Ruga, who gave a brief talk to the group at the mid-way point of the hike below the pumping station, expressed additional ecological concerns. Adding another pipeline to the existing ones – in addition to the Spectra pipeline, the Tennessee Gas Pipeline (TGP), an 11,900-mile pipeline system that transports natural gas from Louisiana and Texas to the East Coast also runs through the Ramapo mountains – would inevitably require widening the existing cuts, impacting the forest eco-system in ways that would radiate out for miles in both directions (linear developments and the fragmentation they cause affect the non-linear and interconnected natural systems in ways that go far beyond the immediate site of the bisection itself). The core forests of the New Jersey highlands are crucial filters for the region’s water, an invaluable natural resource for the whole state. Astonishingly, despite its extremely dense population, New Jersey has the fourth-lowest cost of water in the U.S., Ruga remarked, due to the abundance of clean drinking water the highland region provides. Because of the close connection between forests and water, any disturbance of the North Jersey forest eco-system will have effects on the region’s water as well, which would be threatened not only by potential spills from the proposed pipeline, but by the building of the infrastructure as well.

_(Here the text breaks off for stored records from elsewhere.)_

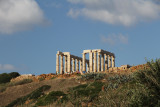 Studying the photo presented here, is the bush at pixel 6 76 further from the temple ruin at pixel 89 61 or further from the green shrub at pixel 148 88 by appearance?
the green shrub at pixel 148 88

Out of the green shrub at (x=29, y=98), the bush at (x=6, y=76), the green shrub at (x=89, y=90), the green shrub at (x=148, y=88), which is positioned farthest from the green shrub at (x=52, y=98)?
the bush at (x=6, y=76)

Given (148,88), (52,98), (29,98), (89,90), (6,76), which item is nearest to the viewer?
(148,88)

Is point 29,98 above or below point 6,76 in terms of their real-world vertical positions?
below

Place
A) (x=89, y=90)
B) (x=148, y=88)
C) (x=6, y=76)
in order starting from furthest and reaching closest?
(x=6, y=76)
(x=89, y=90)
(x=148, y=88)

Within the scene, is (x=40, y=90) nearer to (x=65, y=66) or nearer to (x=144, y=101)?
(x=144, y=101)

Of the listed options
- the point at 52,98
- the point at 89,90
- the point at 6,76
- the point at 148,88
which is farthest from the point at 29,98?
the point at 6,76

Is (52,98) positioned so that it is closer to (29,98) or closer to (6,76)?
(29,98)

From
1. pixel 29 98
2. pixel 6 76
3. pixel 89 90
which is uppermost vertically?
pixel 6 76

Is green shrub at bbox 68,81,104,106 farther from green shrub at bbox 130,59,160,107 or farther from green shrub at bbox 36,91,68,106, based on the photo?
green shrub at bbox 130,59,160,107

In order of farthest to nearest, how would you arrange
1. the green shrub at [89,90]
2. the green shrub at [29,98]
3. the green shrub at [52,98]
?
the green shrub at [29,98]
the green shrub at [52,98]
the green shrub at [89,90]

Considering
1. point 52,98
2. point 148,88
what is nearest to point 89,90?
point 52,98

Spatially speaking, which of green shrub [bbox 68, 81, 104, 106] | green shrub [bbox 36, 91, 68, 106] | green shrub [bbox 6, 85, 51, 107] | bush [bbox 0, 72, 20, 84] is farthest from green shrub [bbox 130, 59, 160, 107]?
bush [bbox 0, 72, 20, 84]

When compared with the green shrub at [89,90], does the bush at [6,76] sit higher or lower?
higher

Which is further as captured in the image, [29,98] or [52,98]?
[29,98] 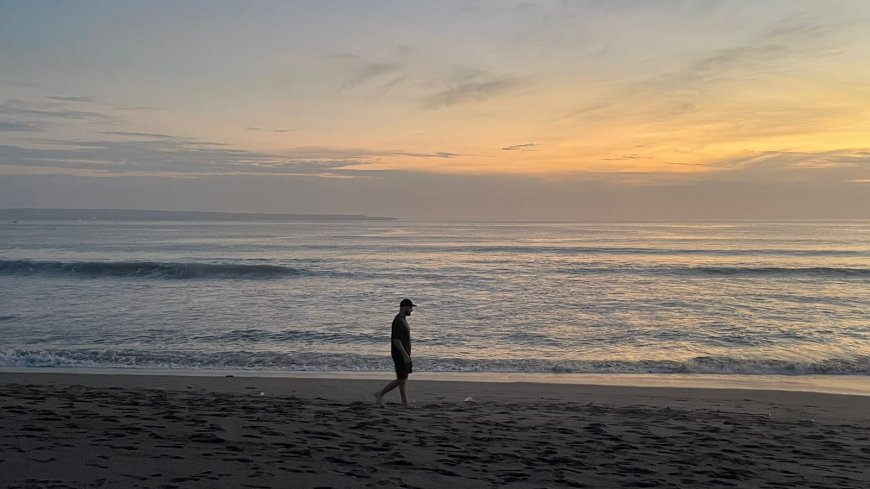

The usual, myopic cost-accounting for fossil-fuel infrastructure projects does not take such larger ramifications and their effects on crucial “eco-system services” into account and is hence bound to be misleading. While the Highlands Water Protection and Planning Act of 2004 protects the natural environment of the region from further development, the act includes exemptions for utility upgrades to the already existing pipeline infrastructure. (The Spectra pipeline was laid decades ago.) Because the proposed oil pipeline would use the existing “rights of way,” Pilgrim’s logic goes, the new pipeline should qualify as such an upgrade. Whether that logic will hold remains to be seen. So far, Pilgrim has not yet filed for a permit with the New Jersey Department of Environmental Protection, and the project has already run into difficulties because PSE&G has refused to let Pilgrim use its infrastructure for a stretch of the proposed route. If Pilgrim cannot find an alternative for that portion of the route, the project may self-destruct before the permitting process has even begun. Grassroots activists like Dolsky and Ruga do not take that outcome for granted, however, and Sunday’s hike was part of an effort to get ahead of the curve, raise public awareness, and to make sure everything is done to prevent crude oil from finding its way into the Ramapo mountains. New Jersey municipalities to the south, like Chatham and Madison, which have already passed resolutions against the pipeline, are also doing their part.